§ **What this task involves**:
Read the records beneath this task and copy every line that contains the string "macizo".

§ **Information provided**:
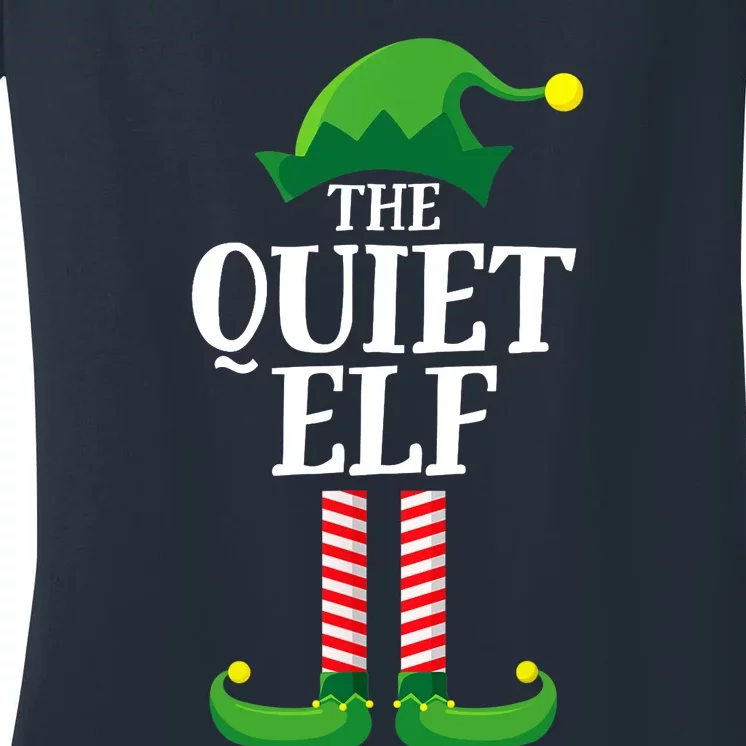 Quiet Elf Matching Family Group Christmas Party Women's V-Neck T-Shirt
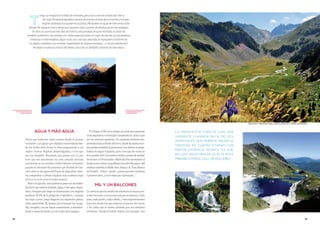 8988
Agua y más agua
Tenía que haberme dado cuenta desde el primer
momento. Las aguas que bajaban estruendosas des-
de los Uelhs deth Jouèu lo iban pregonando a los
cuatro vientos. Bajaban desperdigadas, y creo que
eso me despistó. Recuerdo que pensé, eso sí, que
tuvo que ser alucinante ver esta cascada alocada
convertida en un surtidor verde fosforito ochentero
gracias al colorante fluorescente que Norbet de Cas-
teret echó en las aguas del Forau de Aigualluts. Que-
ría comprobar a dónde bajaban tras ocultarse bajo
tierra y no se le ocurrió mejor manera.
Pero a lo que iba, esos primeros pasos ya me habla-
bandeloquevendríadespués.Aguaymásagua,hume-
dad y bosques que luego se iluminarían con amplias
praderas. El Pla de la Artiga fue el aperitivo, y aunque
me supo a poco, luego llegaron los siguientes platos,
todos apetecibles. El camino por el bosque fue acoge-
dor, recogido, con las hayas comenzando a metamor-
fearse a causa del otoño, ya a la vuelta de la esquina.
Y al llegar al Pla de la Artiga no pude sino pararme
unossegundosycontemplarelespectáculo.Estosíque
era un entrante apetitoso. Un riachuelo brillante ser-
penteabahaciaelfondodelcirco,dondelasmolesroco-
sas ponían seriedad al panorama. Los abetos se empe-
ñaban en seguir trepando, pero creo que las rocas no
se lo ponían fácil. Los pastos verdes a punto de estallar
de frescor y el Forcanada o Malh des Pois asomando al
fondocomosifueraunaafiladacimadelHimalaya.Allí
estaban también el Malh dera Artiga y la Tuca Blanca
de Pomèro. “¡Vaya! –pensé– parece que esto comienza
a ponerse serio, y no es más que el principio...”
Mil y un balcones
Lo cierto es que he estado sin aliento en la mayor par-
te del recorrido, y no ha sido solo por el esfuerzo. Cada
paso, cada puerto, cada collado... eran impresionantes
balcones desde los que admirar el macizo del Aneto
y los valles que le rinden pleitesía por sus distintas
vertientes. Desde el Coll de l’Infern, por ejemplo, casi
T
engo un empacho increíble de montaña,pero nunca me he sentido tan bien y
tan viva.Mi espalda agradece sacarse de encima el peso de la mochila y los pies
respiran aliviados tras quitarme las botas.Me duelen; el agua de este arroyo está
helada.No aguanto más y tengo que sacarlos,rojos,a punto de estallar,pero más relajados.
En ellos se acumulan seis días de marcha,seis jornadas de pura montaña,el polvo de
senderos puñeteros,de collados con vistas espectaculares,el sudor de días de sol por praderas
inmensas e interminables,algún susto con una vaca aburrida,el repiqueteo insistente de
un pájaro carpintero,las sombras inquietantes de algunos bosques...y mucha satisfacción.
He dado la vuelta al macizo del Aneto y ha sido un fantástico atracón de naturaleza.
aigualluts y forcanada.Abajo, lagos de boum en el puerto de benasque
La propuesta cuenta con una
variante llamada Ruta de los
Hospitales, que permite hacer la
travesía en cuatro etapas con
mayor exigencia técnica, ya que
incluye una etapa de la Alta Ruta
Pirenaica por el coll de Mulleres.
 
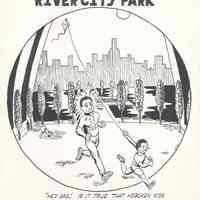 Pen-and-ink drawing: River City Park. Artist: Randy Hoppe, Hoboken, no date, circa 1990-1991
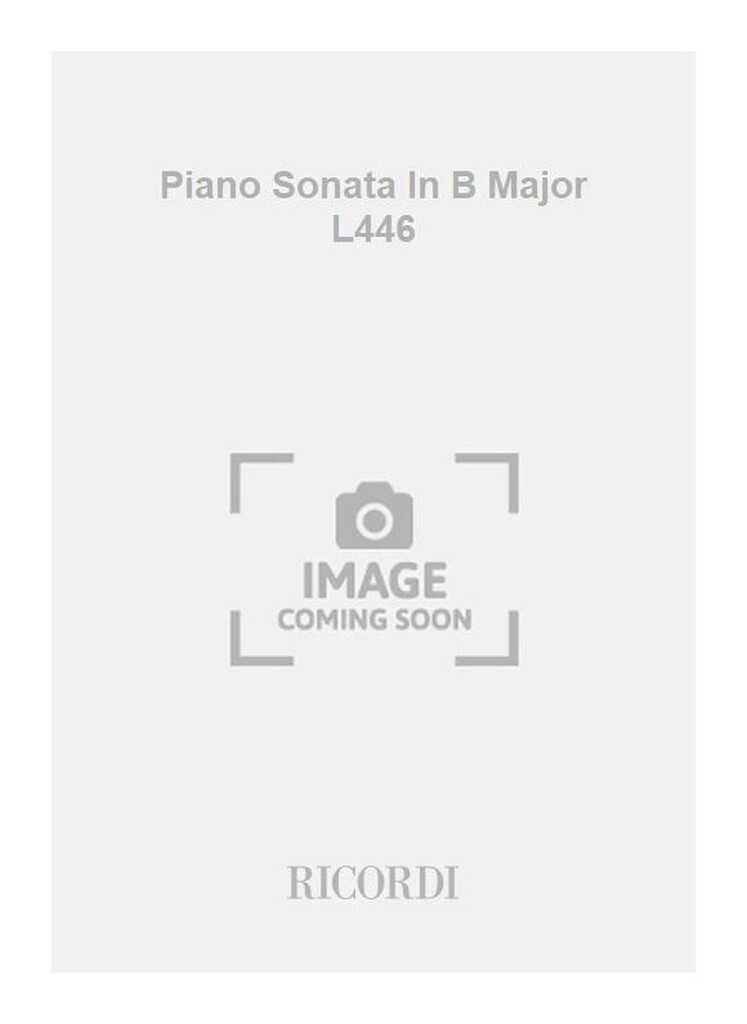 Piano Sonata In B Major L446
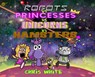 Robots vs Princesses vs Unicorns vs Hamsters - Chris White - 9781068517990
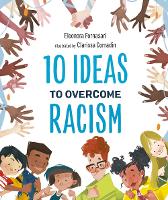 Book Cover for 10 Ideas to Overcome Racism by Eleonora Fornasari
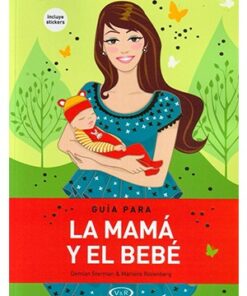 GUÍA PARA LA MAMÁ Y EL BEBÉ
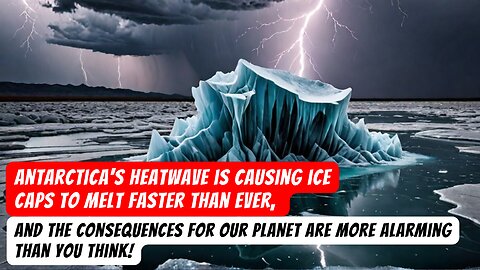 Antarctica's HEATWAVE is MELTING the ICE CAPS?! The Fallout is TERRIFYING!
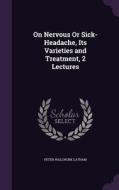 On Nervous Or Sick-headache, Its Varieties And Treatment, 2 Lectures di Peter Wallwork Latham edito da Palala Press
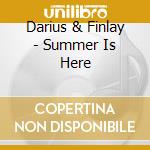 Darius & Finlay - Summer Is Here cd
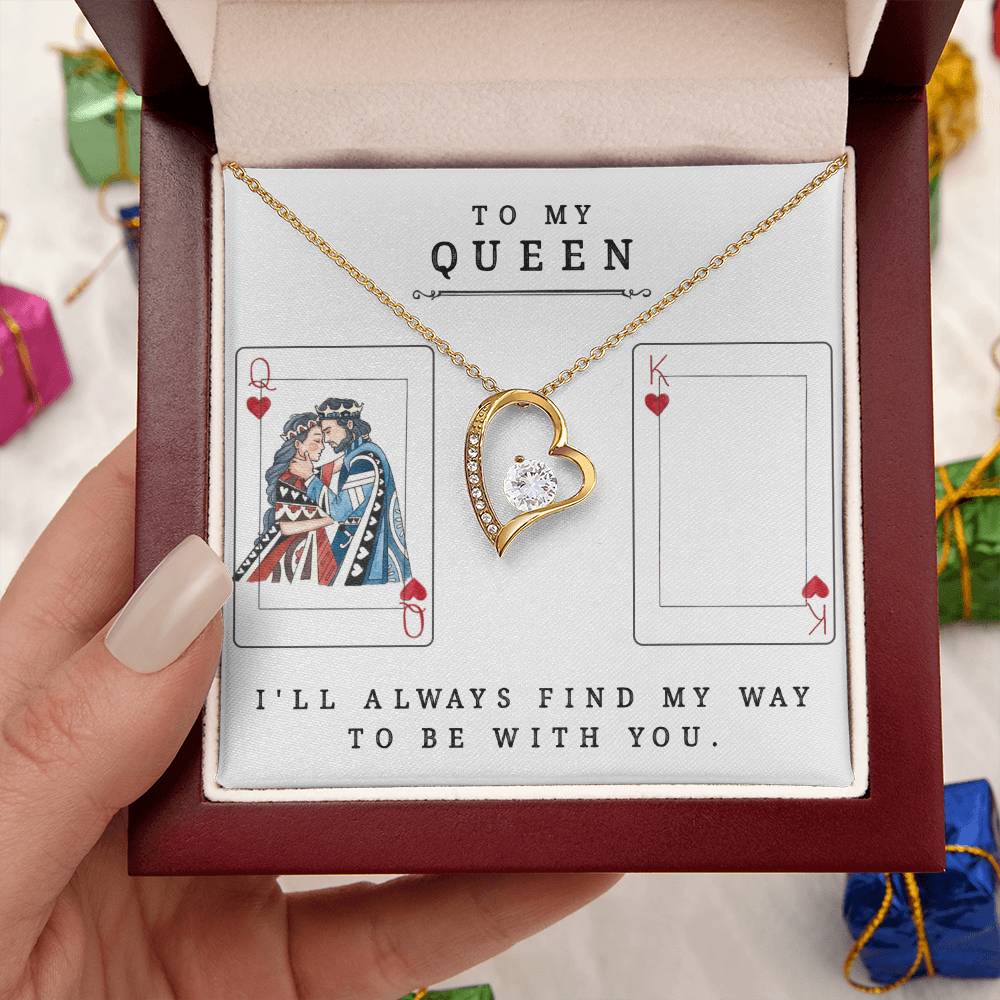To My Queen ♥ I'll Always Find My Way To Be With You. Forever Love Necklace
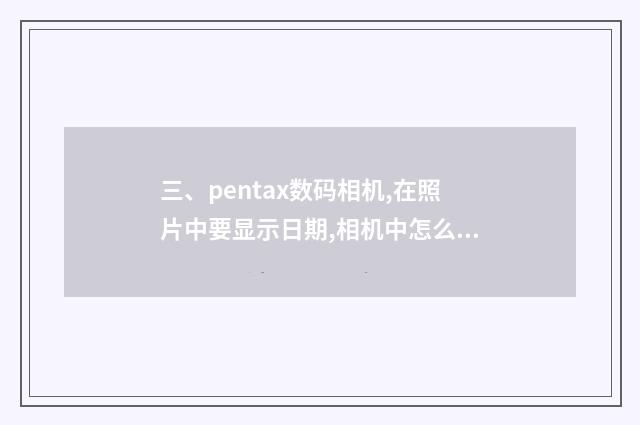 三、pentax数码相机,在照片中要显示日期,相机中怎么设置？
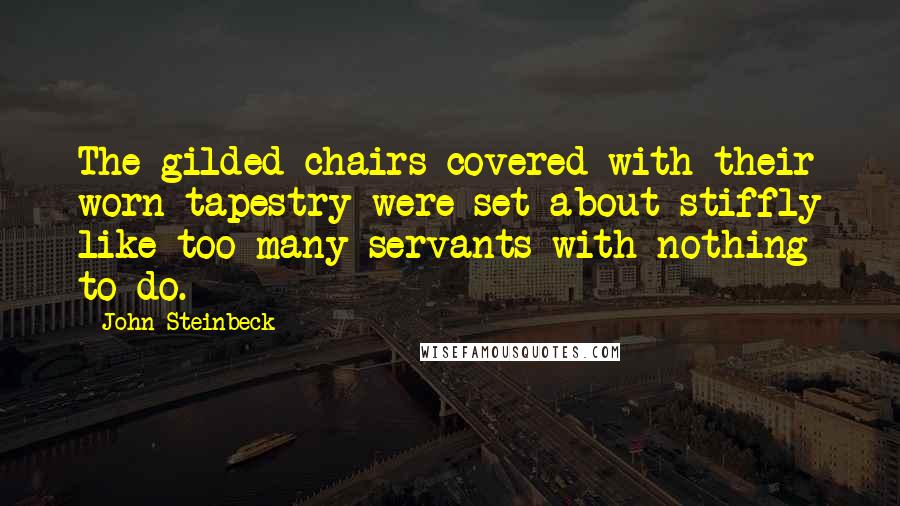 John Steinbeck Quotes: The gilded chairs covered with their worn tapestry were set about stiffly like too many servants with nothing to do.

§ **Task result**:
balcones desde los que admirar el macizo del Aneto
He dado la vuelta al macizo del Aneto y ha sido un fantástico atracón de naturaleza.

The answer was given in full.